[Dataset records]
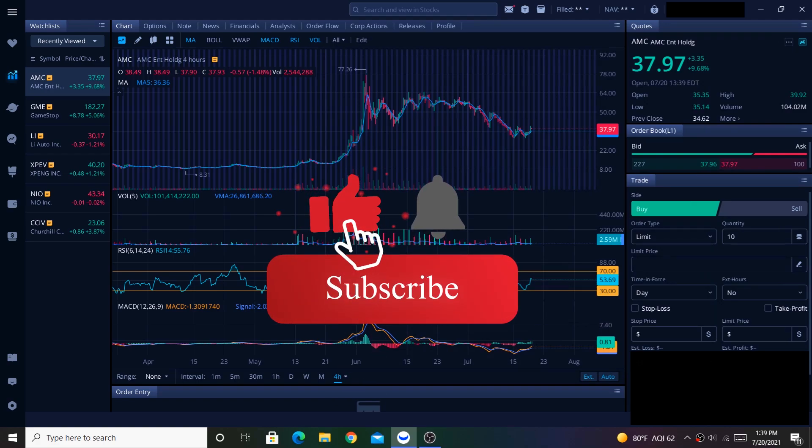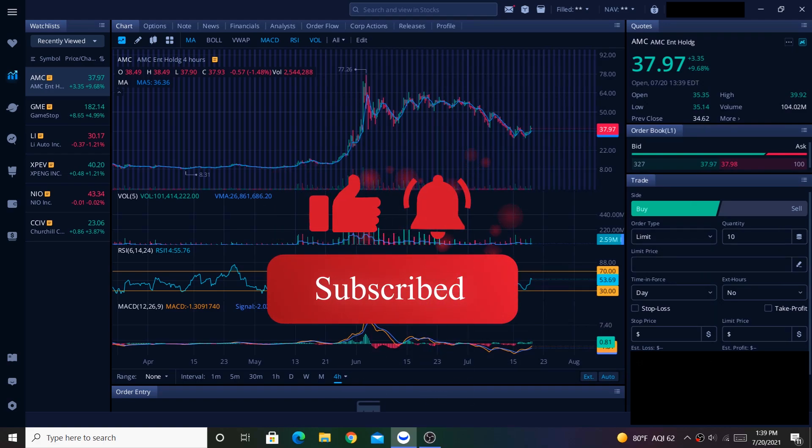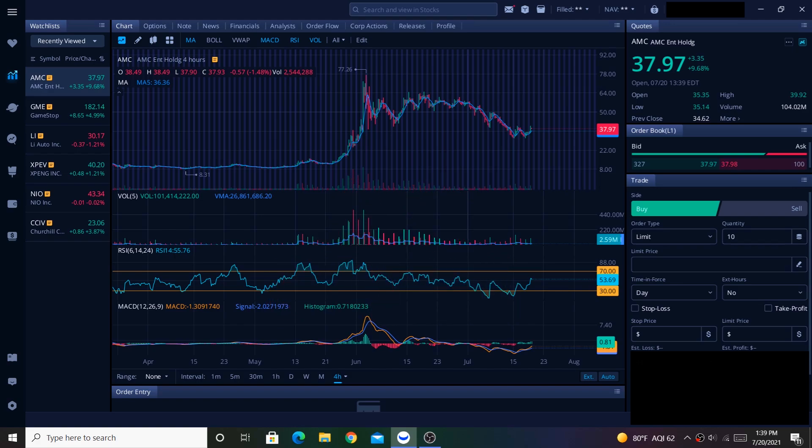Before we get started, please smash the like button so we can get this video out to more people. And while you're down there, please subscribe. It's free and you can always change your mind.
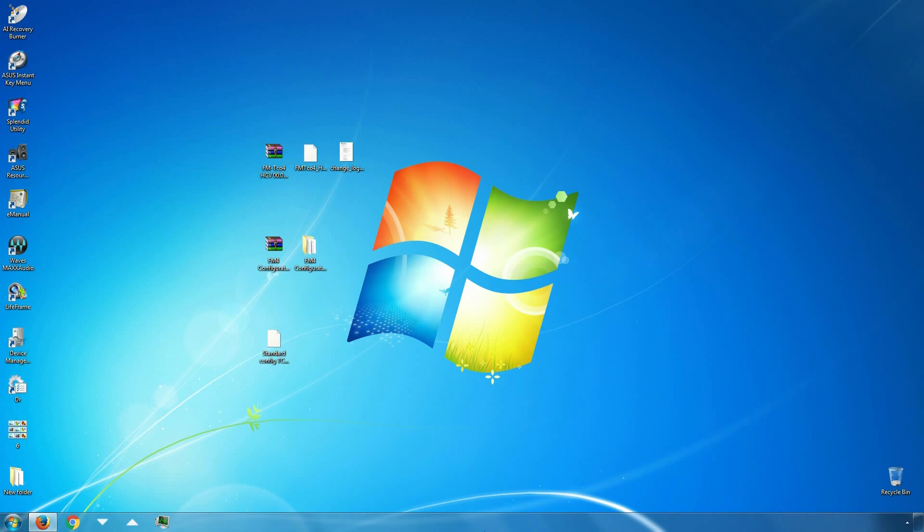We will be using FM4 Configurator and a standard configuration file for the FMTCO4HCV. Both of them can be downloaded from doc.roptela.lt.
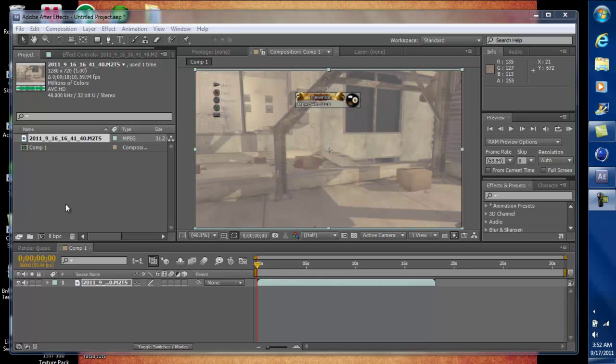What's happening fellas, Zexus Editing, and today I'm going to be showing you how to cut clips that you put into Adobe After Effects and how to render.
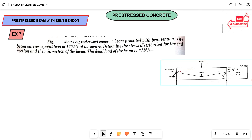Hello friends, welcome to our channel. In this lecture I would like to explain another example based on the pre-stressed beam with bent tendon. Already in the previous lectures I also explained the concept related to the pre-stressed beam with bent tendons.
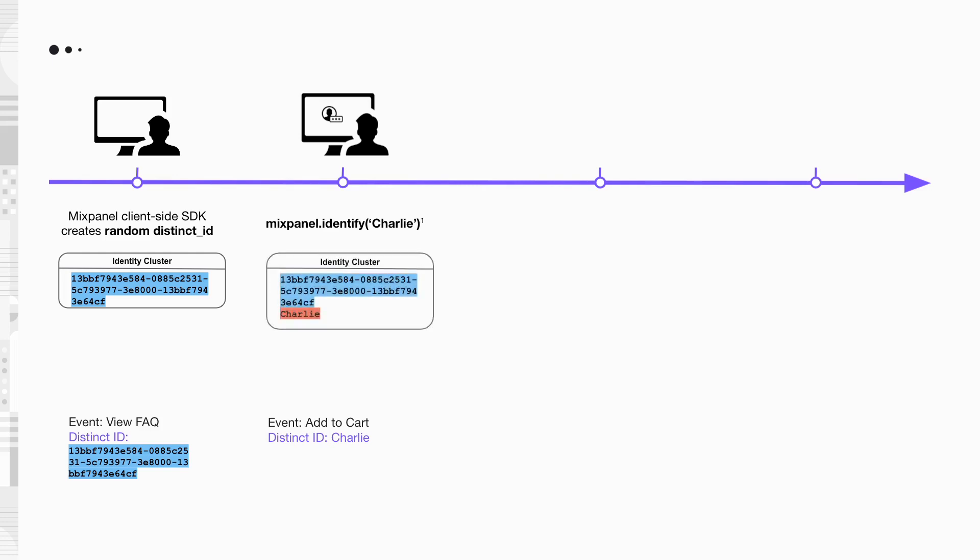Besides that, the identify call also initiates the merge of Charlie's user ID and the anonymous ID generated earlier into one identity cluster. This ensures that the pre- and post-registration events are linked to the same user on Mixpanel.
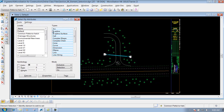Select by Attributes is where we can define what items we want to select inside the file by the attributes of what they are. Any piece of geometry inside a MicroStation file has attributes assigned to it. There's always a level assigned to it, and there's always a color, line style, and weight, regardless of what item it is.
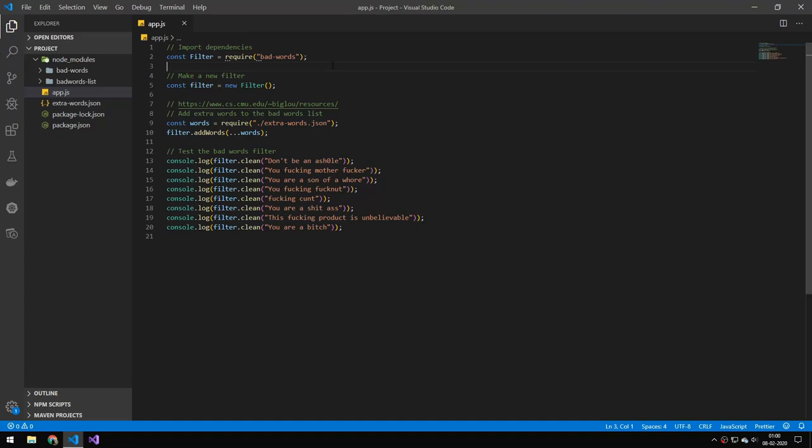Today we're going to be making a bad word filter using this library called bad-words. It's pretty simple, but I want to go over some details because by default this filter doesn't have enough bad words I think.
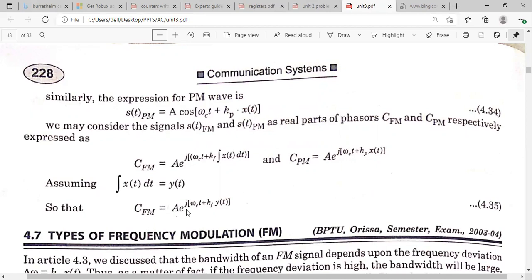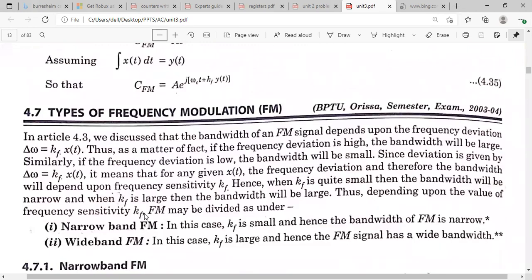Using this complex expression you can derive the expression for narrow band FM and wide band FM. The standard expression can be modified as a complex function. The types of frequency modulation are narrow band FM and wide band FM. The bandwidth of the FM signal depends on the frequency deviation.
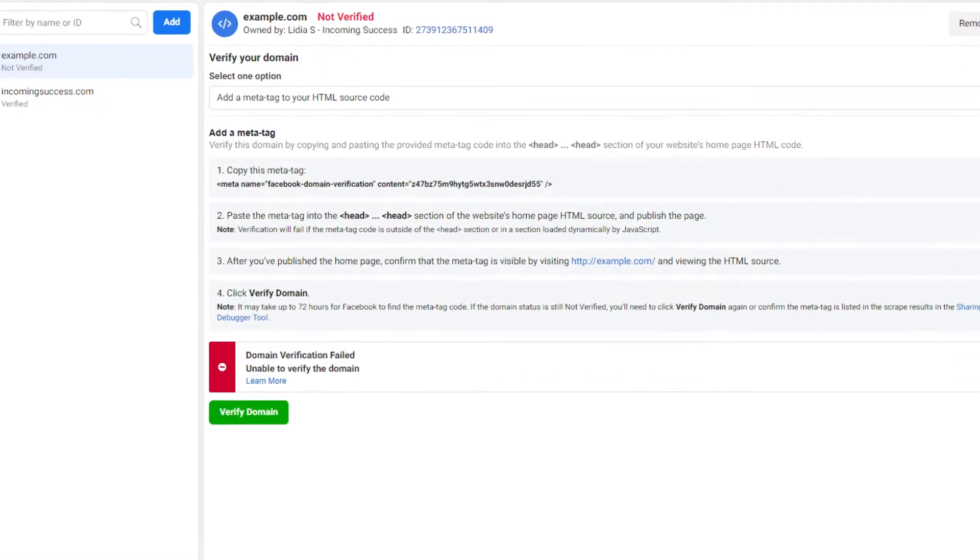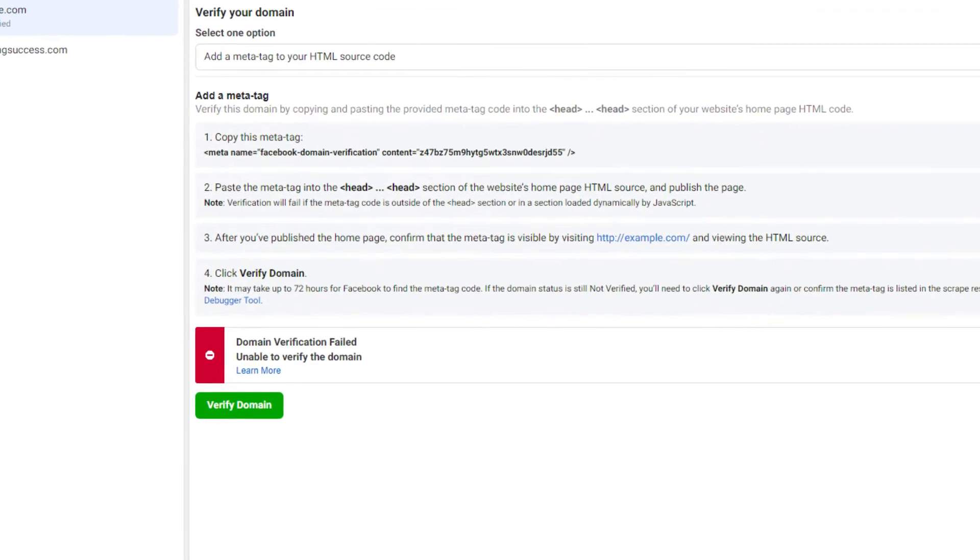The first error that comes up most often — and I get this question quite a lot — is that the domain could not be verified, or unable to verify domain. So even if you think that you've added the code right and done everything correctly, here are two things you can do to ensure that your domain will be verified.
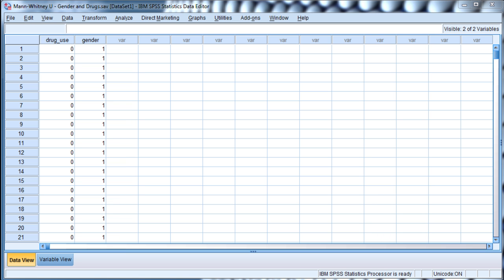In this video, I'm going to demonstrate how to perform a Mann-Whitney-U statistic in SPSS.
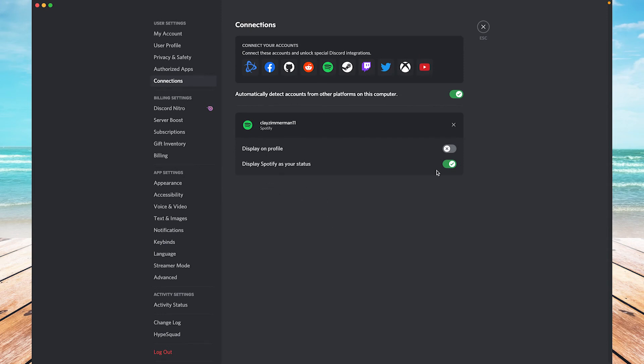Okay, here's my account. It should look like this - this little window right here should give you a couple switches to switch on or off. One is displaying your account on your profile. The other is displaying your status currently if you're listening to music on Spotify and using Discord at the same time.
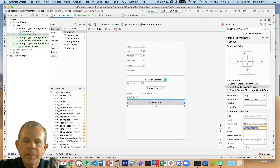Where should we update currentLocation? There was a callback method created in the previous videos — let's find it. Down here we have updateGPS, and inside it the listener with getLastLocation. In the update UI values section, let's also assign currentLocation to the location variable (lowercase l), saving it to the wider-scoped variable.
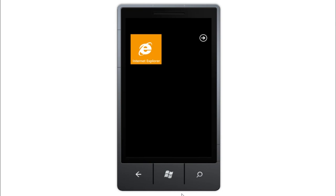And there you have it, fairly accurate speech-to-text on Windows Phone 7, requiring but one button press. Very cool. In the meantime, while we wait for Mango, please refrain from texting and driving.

What is required
Each line from the top of the records through the one containing "We will be using" needs to be transcribed exactly, without pictures.

Result of this task
Before we get started, please smash the like button so we can get this video out to more people. And while you're down there, please subscribe. It's free and you can always change your mind.
We will be using FM4 Configurator and a standard configuration file for the FMTCO4HCV. Both of them can be downloaded from doc.roptela.lt.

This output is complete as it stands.